Department of Human Genetics, University of Chicago, Chicago, IL, USA.
Department of Biology, Indiana University, Bloomington, IN, USA.
Nat Ecol Evol. 2018 Aug;2(8):1280-1288. doi: 10.1038/s41559-018-0584-5. Epub 2018 Jul 2.
Phylogenetic tests of adaptive evolution, such as the widely used branch-site test (BST), assume that nucleotide substitutions occur singly and independently. Recent research has shown that errors at adjacent sites often occur during DNA replication, and the resulting multinucleotide mutations (MNMs) are overwhelmingly likely to be non-synonymous. To evaluate whether the BST misinterprets sequence patterns produced by MNMs as false support for positive selection, we analysed two genome-scale datasets-one from mammals and one from flies.

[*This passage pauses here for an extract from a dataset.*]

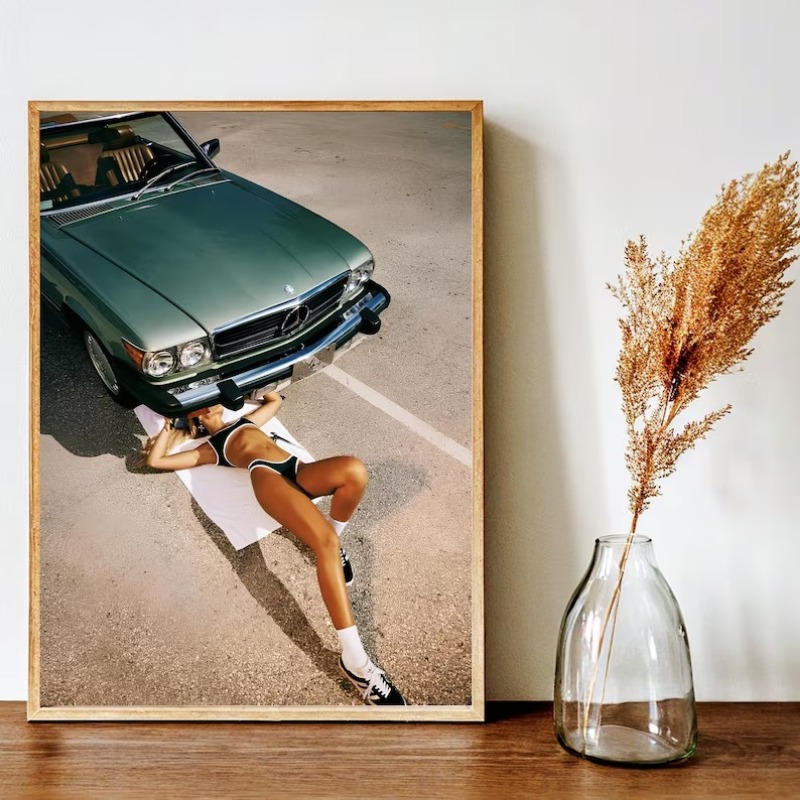 Vintage Luxury Car and Edgy Mo - Luxury Lifestyle Furniture recension och pris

We found that codons with multiple differences account for virtually all the support for lineage-specific positive selection in the BST. Simulations under conditions derived from these alignments but without positive selection show that realistic rates of MNMs cause a strong and systematic bias towards false inferences of selection. This bias is sufficient under empirically derived conditions to produce false positive inferences as often as the BST infers positive selection from the empirical data. Although some genes with BST-positive results may have evolved adaptively, the test cannot distinguish sequence patterns produced by authentic positive selection from those caused by neutral fixation of MNMs. Many published inferences of adaptive evolution using this technique may therefore be artefacts of model violation caused by unincorporated neutral mutational processes. We introduce a model that incorporates MNMs and may help to ameliorate this bias.
进化适应性的系统发育检验,如广泛使用的分支位点检验(BST),假定核苷酸替换是单个且独立发生的。最近的研究表明,在 DNA 复制过程中,相邻位点经常会发生错误,而产生的多核苷酸突变(MNMs)绝大多数是非同义的。为了评估 BST 是否错误地将 MNMs 产生的序列模式解释为对正选择的虚假支持,我们分析了两个全基因组数据集——一个来自哺乳动物,一个来自果蝇。我们发现,具有多个差异的密码子几乎解释了 BST 中所有谱系特异性正选择的支持。根据这些比对推导但没有正选择的模拟表明,MNMs 的现实速率导致了对选择的错误推断的强烈且系统的偏差。在经验推导的条件下,这种偏差足以产生与 BST 从经验数据推断正选择一样频繁的假阳性推断。尽管一些具有 BST 阳性结果的基因可能已经适应了进化,但该测试无法区分由真实正选择产生的序列模式与由 MNMs 的中性固定引起的序列模式。因此,许多使用该技术进行的适应性进化推断可能是由于未包含的中性突变过程导致模型违反而产生的假象。我们引入了一个包含 MNMs 的模型,该模型可能有助于减轻这种偏差。